As she said good-night to him, she seemed, Edmund Airey thought, to be a trifle fascinated as well as fascinating. He felt that he had had a delightful hour—it was far more delightful than the half hour which he had passed on the settee at the rear of the skeleton elk.

His feeling in this matter simply meant that it was far more agreeable to him to see a young woman admiring his cleverness than it was to admire the cleverness of another young woman.

He enjoyed his smoke by the side of the judge; for when a man is absorbed in the thoughts of his own cleverness he can still get a considerable amount of passive enjoyment out of the story of How the Odds fell from Thirteen to Five to Six to Four against Porcupine for some prehistoric Grand National.

Harold Wynne now and again glanced across the hall at the man who professed to be his best friend.

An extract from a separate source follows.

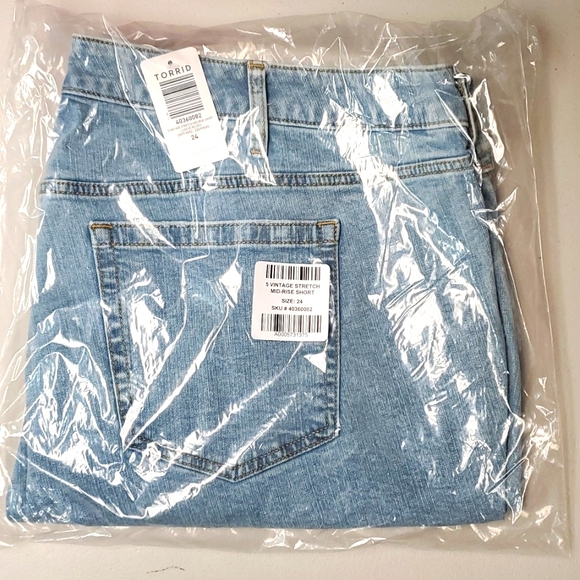 ❤️NWT VINTAGE TORRID JEAN SHORTS - VINTAGE STRETCH DENIM - MID RISE - PLUS SIZE - Picture 7 of 11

He could perceive without much trouble that Edmund Airey was particularly well pleased with himself.

This meant, he thought, that Edmund had been particularly well pleased with Beatrice Avon.

Lord Fotheringay was too deeply absorbed in giving point to a story, founded upon personal experience, which he was telling to his host, to give a moment’s attention to Edmund Airey, or to make an attempt to interpret his aspect.

It was only when his valet was putting him carefully to bed—he required very careful handling—that he recollected the effective way in which Airey had snubbed him, when he had made an honest attempt to reach Miss Avon conversationally.

He now found time to wonder what Airey meant by preventing the girl from being entertained—Lord Fotheringay assumed, as a matter of course, that the girl had not been entertained—all the evening. He had no head, however, for considering such a question in all its aspects. He only resolved that in future he would take precious good care that when there was any snubbing in the air, he would be the dispenser of it, not the recipient.

Lord Fotheringay was not a man of genius, but upon occasions he could be quite as disagreeable as if he were. He had studied the art of administering snubs, and though he had never quite succeeded in snubbing a member of Parliament of the same standing as Mr. Airey, yet he felt quite equal to the duty, should he find it necessary to make an effort in this direction.

He was sleeping the sleep of the reprobate, long before his son had succeeded in sleeping the sleep of the virtuous. Harold had more to think about, as well as more capacity of thinking, than his father. He was puzzled at the attitude of his friend and counsellor, Edmund Airey. What on earth could he have meant by appropriating Beatrice Avon, Harold wondered. He assumed that Airey had some object in doing what he had done. He knew that his friend was not the man to do anything without having an object in view. Previously he had been discreet to an extraordinary degree in his attitude toward women. He had never even made love to those matrons to whom it is discreet to make love. If he had ever done so Harold knew that he would have heard of it; for there is no fascination in making love to other men’s wives, unless it is well known in the world that you are doing so. The school-boy does not smoke his cigarette in private. The fascination of the sin lies in his committing it so that it gets talked about.